Comparing distributions of amino acids
2
0
Entering edit mode
2.1 years ago

I have thousands of sequences that each contain a certain distribution of a specific amino acid (in my case cysteine). I would like a way of grouping these sequences by distribution similarity. Here is an example:

SEQ_A 7 18 32 48 67 100

SEQ_B 26 56 89 112 138 178

SEQ_C 20 44 71 94 120 160

SEQ_D 11 26 44 54 67 94

SEQ_X is the sequence ID and each number is the position of C in the sequence for SEQ_X.

I would either like to order these by "similarity" or find some way to obtain a score that quantifies the distribution.

How would I would go about doing this?

amino acid distribution similarity • 489 views
0
Entering edit mode

Is aa the most relevant tag for this post? Not amino acids or distribution or similarity, but aa?

0
Entering edit mode

can't it be done by hierarchy clustering?

0
Entering edit mode
2.1 years ago
Joe 19k

I would suggest computing all pairwise cosine distances, treating each set of numbers as a vector.

I’m guessing they’ll be in number order already?

It’s fairly trivial to implement (about half a dozen lines), but I’d suggest the scipy implementations for speed:

https://stackoverflow.com/questions/18424228/cosine-similarity-between-2-number-lists

If you do non-redundant comparisons (n choose k, instead of all-vs-all), you can then plot the numbers and perhaps cluster with k-means or something?

0
Entering edit mode
2.1 years ago
Mensur Dlakic ★ 14k

It should be fairly simple to read through FASTa file and extract positions of cysteines in each sequence. I suspect BioPython has I/O functions that can used for this purpose.

The other thing you are trying to do is more difficult, primarily in terms of interpretation. Similarity of equally-sized distributions can be assessed using a KS test. I suspect your distributions are unequal in size, so you may want to look at Mann–Whitney U test. Scipy stats has functions to calculate both quantities.

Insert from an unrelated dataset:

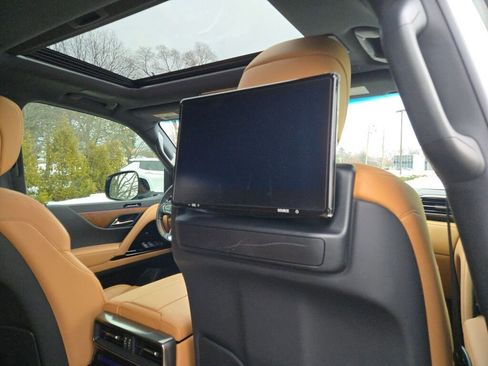 Used 2023 Lexus LX 600 4WD w/ Accessory Package (Z1) image 11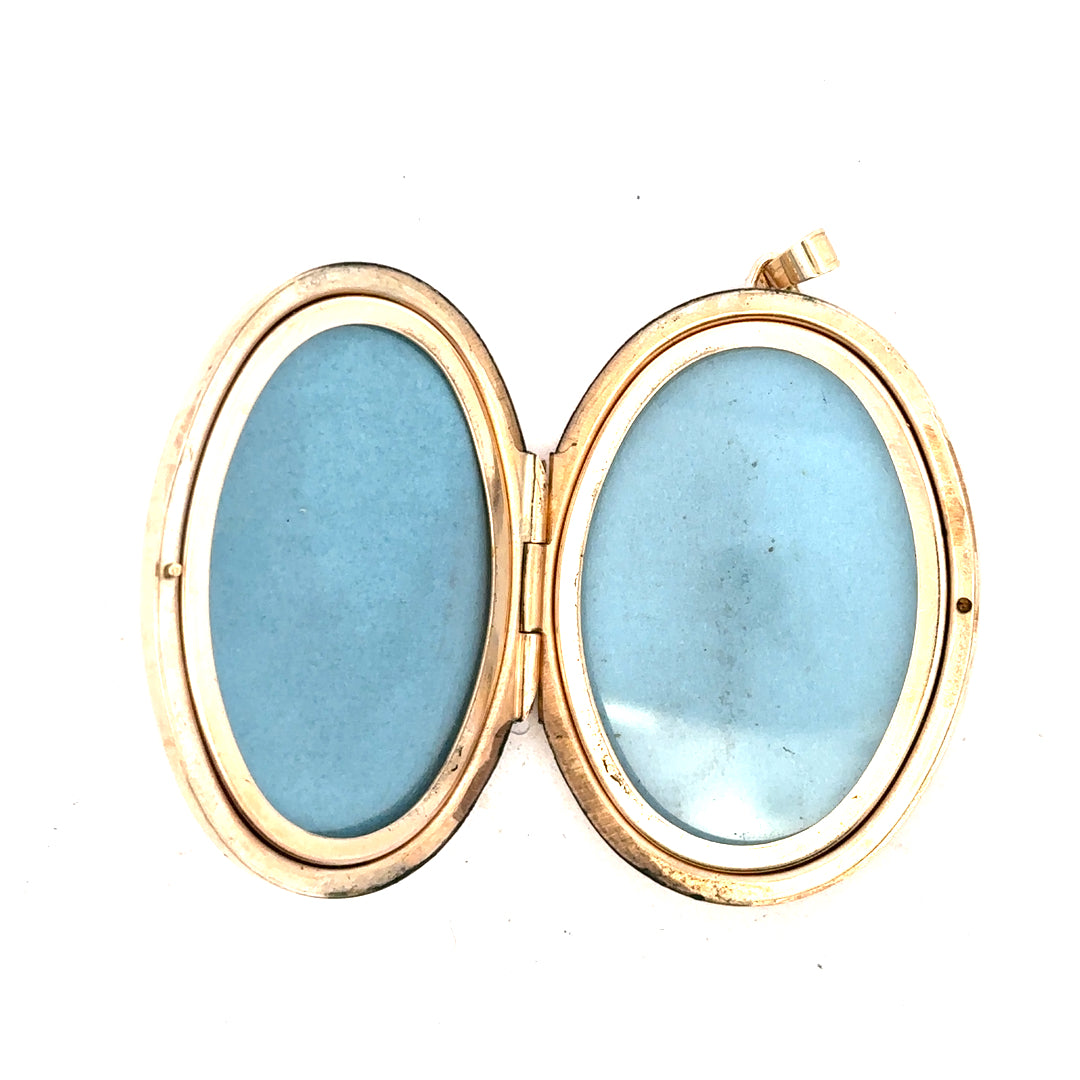 9ct yellow gold locket pendant weighing 13.8g, featuring a classic design, unbranded jewelry accessory.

The biggest problem I see is the interpretation. Unless your proteins are somehow enriched in cysteines, you are not going to have very long distributions. Moreover, proteins are very flexible in terms of positional shifting of residues as long as indels are in less structured protein regions. What you are trying to do strikes me as similar to determining the identity between two proteins by comparing their residues that are in multiples of 15. You will get a result from such an exercise, but I am not sure it will be meaningful, and I would imagine the same might be true for what you are trying to do.

Rather than looking at absolute numeric positions of Cs, I suggest you do multiple alignments of all your sequences and represent each C as a 20-residue frequency profile. That way you will get longer distributions (they will be # of Cs x 20) and it will be a more meaningful comparison as you will be comparing substitution profiles of Cs rather than their absolute positions. If you really want to complicate your life further in terms of execution - but potentially get a more meaningful result - you can look at small windows of 2-5 neighboring residues on both sides of the cysteine and compare those distributions.